Christians, noting the fact that most of the climate change problem is human induced, are reminded that when God made humanity he commissioned us to exercise stewardship over the earth and its creatures. Climate change is the latest evidence of our failure to exercise proper stewardship, and constitutes a critical opportunity for us to do better (Gen. 1:26-28).
Beyond leaders within the Christian community, a rough majority of Christians in the United States said that increasingly extreme natural disasters are evidence that the planet already feels the effects of climate change, recent polling data found.

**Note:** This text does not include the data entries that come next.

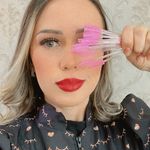 Profile Picture of 𝑱𝒐𝒓𝒅𝒂𝒏𝒂 𝑨𝒔𝒔𝒊𝒔 (@jordanaassisdesign) on Instagram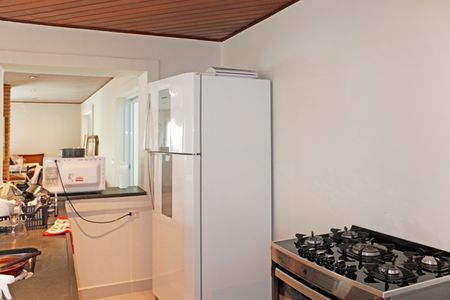 Casa de condomínio para alugar com 630m², 3 quartos e 3 vagasedícula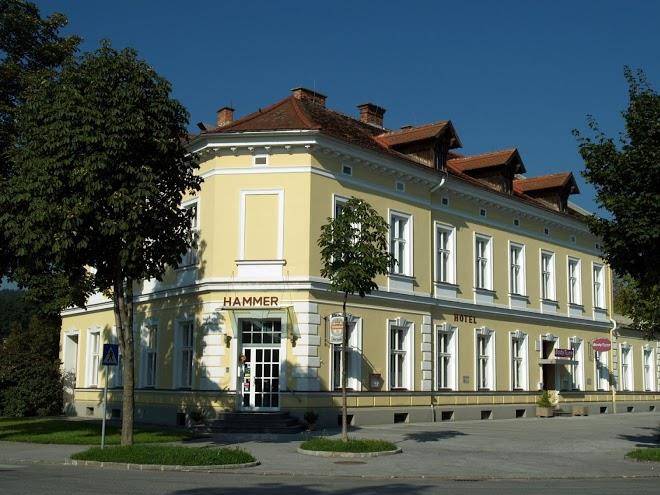 Hotel restaurant hammer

Six out of 10 Catholics and half of all white evangelical Protestants agree that the growing trend in extreme weather events and natural disasters support the scientific consensus about climate change, according to a December 2012 survey from the Public Religion Research Institute:
Nearly 7-in-10 (69%) religiously unaffiliated Americans, 6-in-10 (60%) Catholics, and half (50%) of white evangelical Protestants agree that the severity of recent natural disasters is evidence of global climate change.
Erickson's rhetoric emulates Rush Limbaugh's claim earlier this year when he informed his listeners, “If you believe in God, then intellectually you cannot believe in manmade global warming.You must be either agnostic or atheistic to believe that man controls something he can't create.” In response, the Evangelical Environmental Network published an open letter asking him to “refrain from your harmful rhetoric on climate change”:
As a lifelong Republican and an evangelical pro-life clergyman who pastored a local congregation for almost 20 years, spent fourteen years working in the coal industry, and now leads one of the oldest creation care ministries, I ask you to refrain from your harmful rhetoric on climate change. It is simply wrong.
Recently, you stated that “If you believe in God, then intellectually you cannot believe in man-made global warming.” Nothing could be further from truth.